## What the task asks
All records, minus the pictures: write them out exactly.

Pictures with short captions
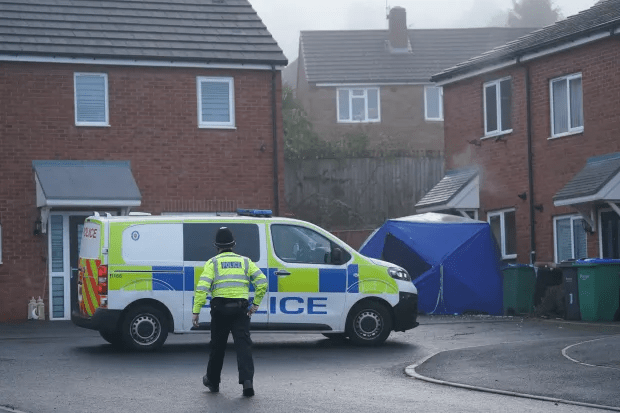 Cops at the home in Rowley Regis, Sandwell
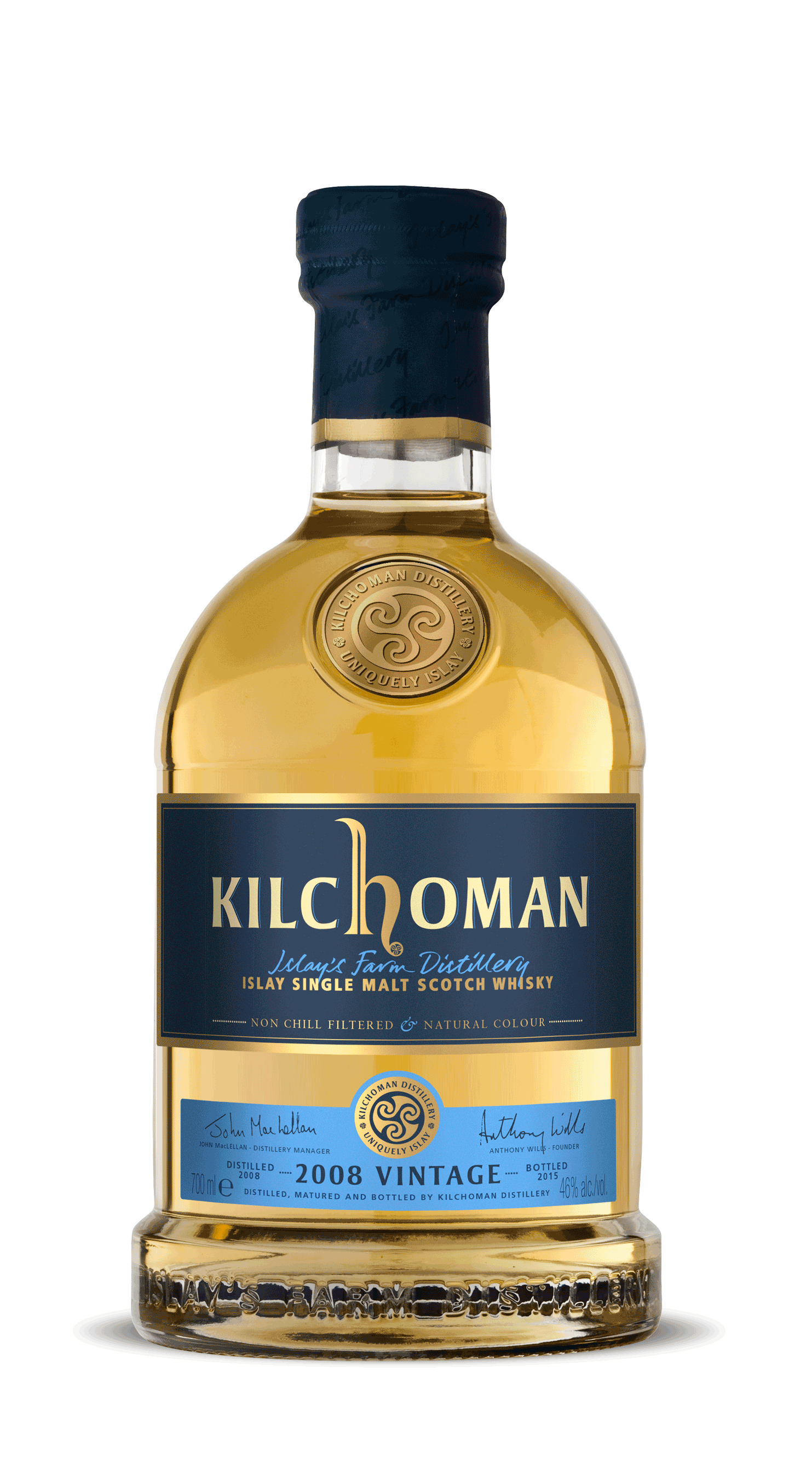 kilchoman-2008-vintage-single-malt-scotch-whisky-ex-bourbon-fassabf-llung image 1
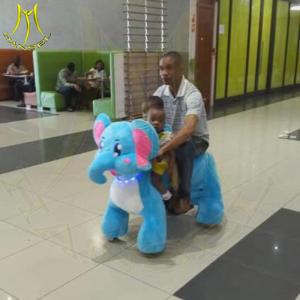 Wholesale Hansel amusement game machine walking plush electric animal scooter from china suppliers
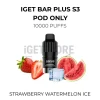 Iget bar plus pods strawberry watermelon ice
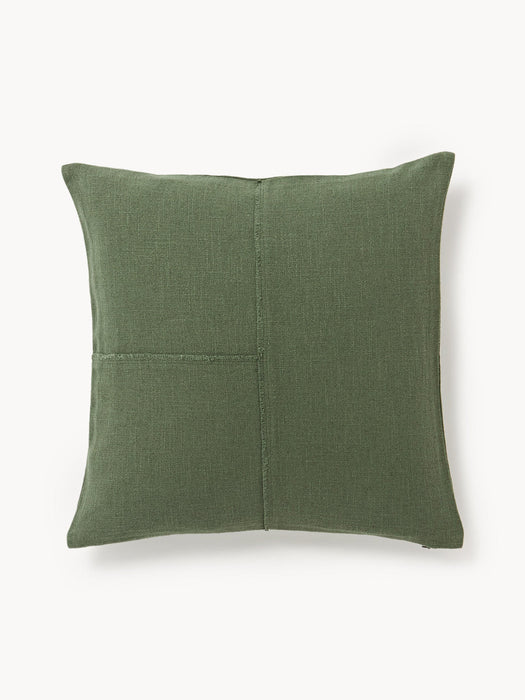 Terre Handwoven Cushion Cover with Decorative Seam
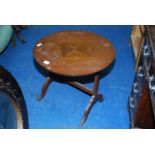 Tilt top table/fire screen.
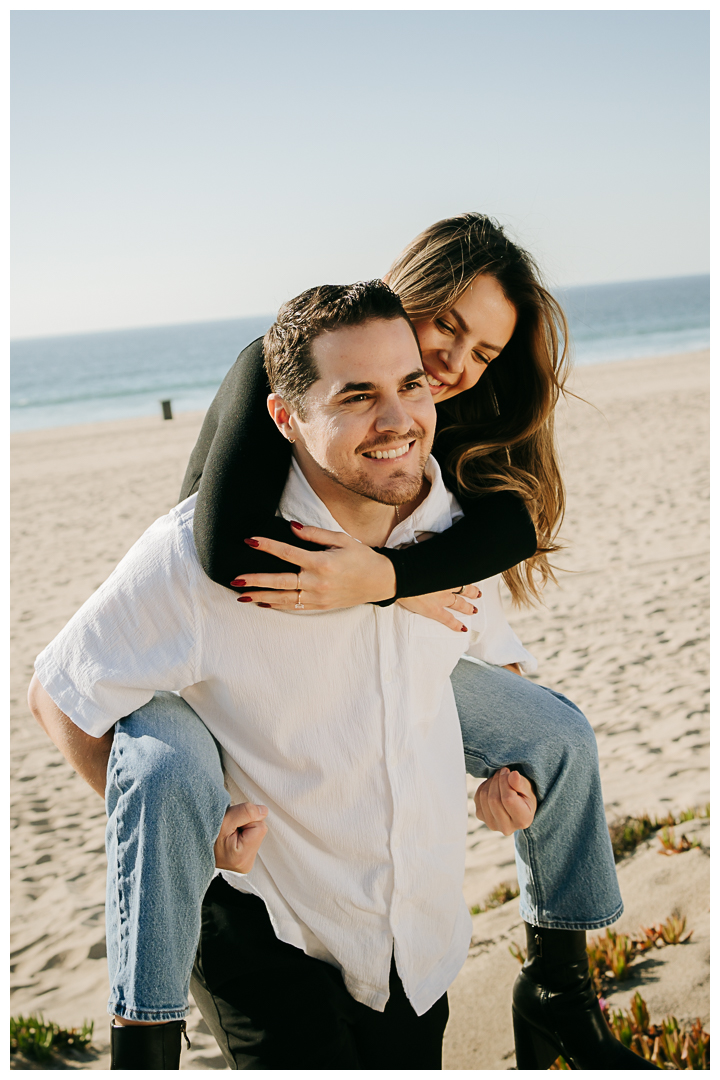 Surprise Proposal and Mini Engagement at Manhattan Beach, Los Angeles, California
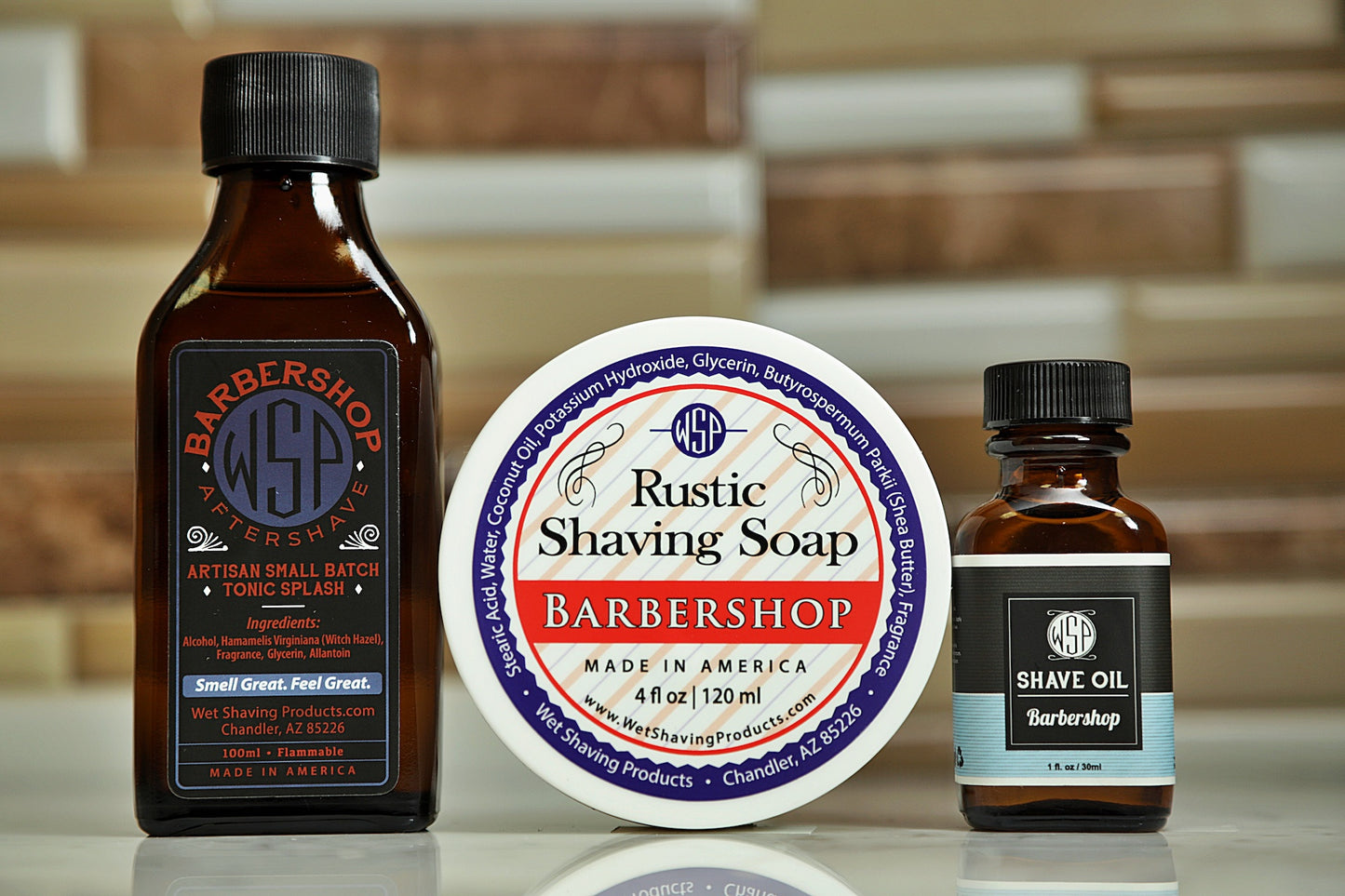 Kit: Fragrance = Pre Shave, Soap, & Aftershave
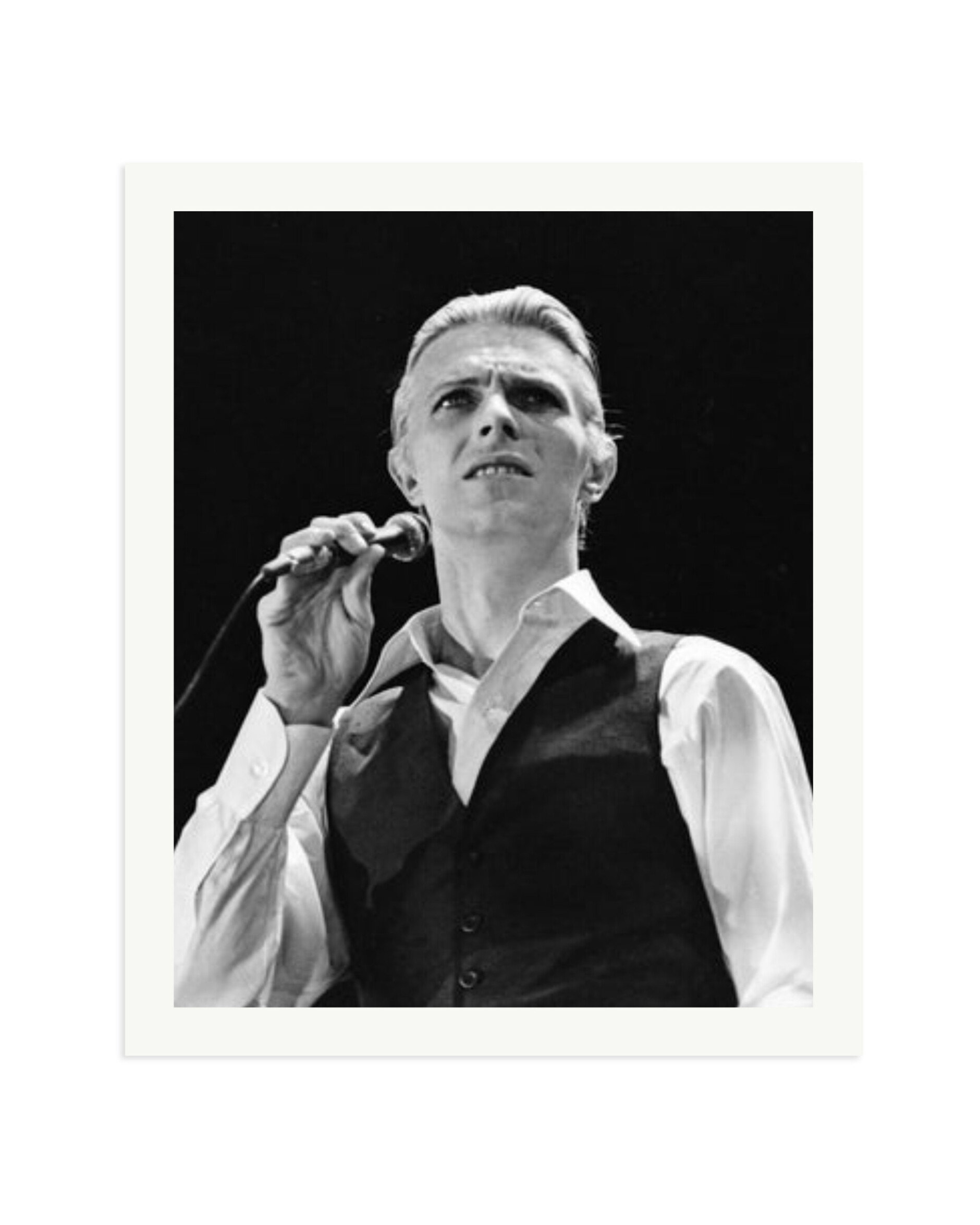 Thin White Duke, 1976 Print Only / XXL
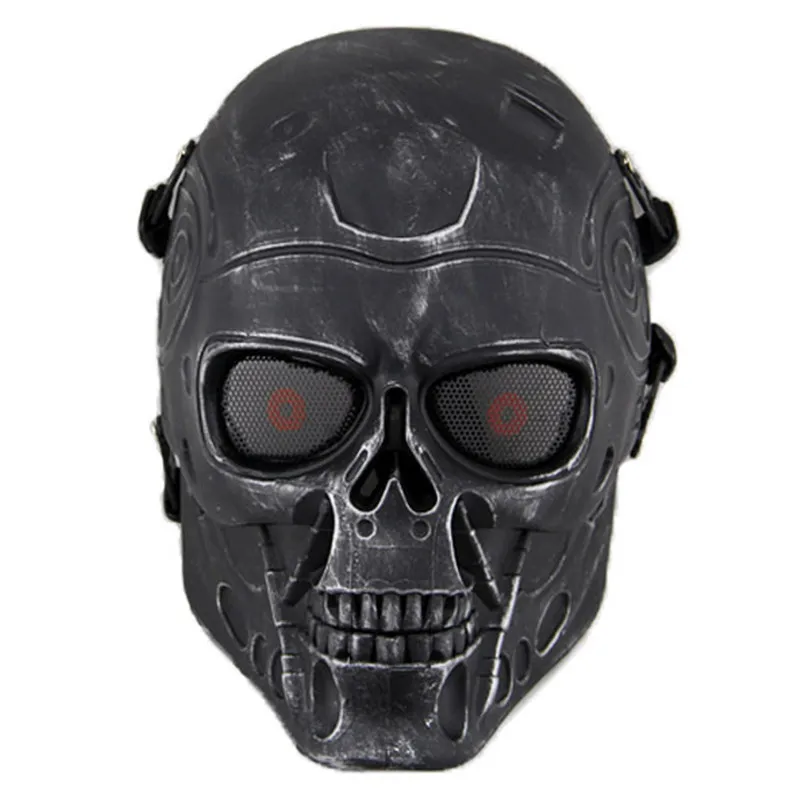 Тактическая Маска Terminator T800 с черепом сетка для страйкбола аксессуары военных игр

## Task response
 Cops at the home in Rowley Regis, Sandwell
 kilchoman-2008-vintage-single-malt-scotch-whisky-ex-bourbon-fassabf-llung image 1
 Wholesale Hansel amusement game machine walking plush electric animal scooter from china suppliers
 Iget bar plus pods strawberry watermelon ice
 Terre Handwoven Cushion Cover with Decorative Seam
 Tilt top table/fire screen.
 Surprise Proposal and Mini Engagement at Manhattan Beach, Los Angeles, California
 Kit: Fragrance = Pre Shave, Soap, & Aftershave
 Thin White Duke, 1976 Print Only / XXL
 Тактическая Маска Terminator T800 с черепом сетка для страйкбола аксессуары военных игр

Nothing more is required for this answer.